Keeping costs and latency in check

Serverless bills per invocation and per unit of compute time, so two habits keep it cheap. Cache aggressively: if the same input recurs, serve a stored answer instead of paying for inference again. And keep functions lean so they start fast and run briefly. Cold starts shrink when your function bundle is small and its dependencies are minimal, which is why edge runtimes that boot near-instantly are attractive for AI endpoints. Measure your real invocation patterns — a feature with steady high traffic might actually be cheaper on an always-on instance, while spiky usage strongly favours serverless.

Prefer it built and managed for you?

Designing AI functions that respect timeouts, stream well and stay cheap is fiddly to get right. Talk to BSH Technologies and we will build your serverless AI features with the right split between fast responses and queued jobs. Explore our cloud engineering services to see how we architect serverless systems that scale to zero and survive real traffic.

Frequently asked questions

What is a serverless AI function?

It is a small piece of code that runs on demand to call a model and return a result, with no server to manage. You deploy it to a platform like Vercel Functions, Cloudflare Workers or AWS Lambda, and it runs only when invoked, scaling automatically and billing per call. Idle cost is effectively zero.

How do I handle long-running AI jobs in serverless?

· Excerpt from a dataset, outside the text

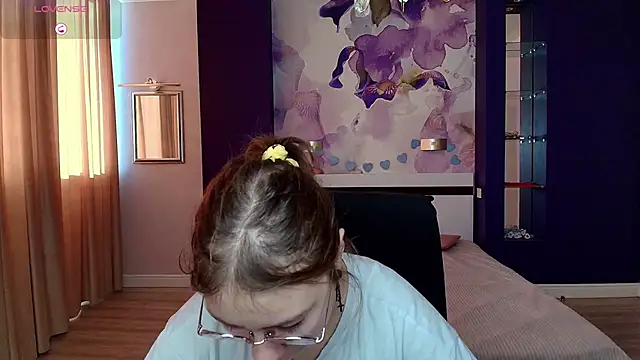 Snapshot of AngelinaLow chatting on 10-31-25, 12:28 AngelinaLow online show from 10-31-25, 12:28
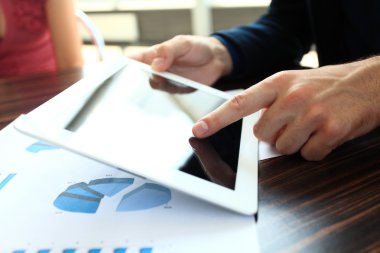 Touchpad kullanarak ofis çalışanı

Do not try to finish them inside one function, because execution timeouts will kill long calls. For interactive work, stream output so the function returns promptly. For heavy jobs, accept the request, queue the work, and process it with a background consumer, notifying the client when it completes.

Why do cold starts matter for AI functions?

A cold start is the latency added when a new function instance spins up after idle, felt on the first request. For AI endpoints where responsiveness matters, this can be jarring. Smaller bundles, minimal dependencies and fast-booting edge runtimes reduce cold-start time noticeably.

How do I keep serverless AI costs low?

Cache aggressively so recurring inputs serve stored answers instead of paying for inference again, and keep functions lean so they start fast and run briefly. Measure your invocation patterns: spiky traffic favours serverless, while steady high traffic can be cheaper on an always-on instance.

Where does state live in serverless functions?

Outside the function, in a database or cache, because functions are ephemeral and may run on a fresh instance each invocation. This statelessness is what lets the platform run thousands of copies in parallel under load. Use connection pooling suited to serverless rather than persistent connections.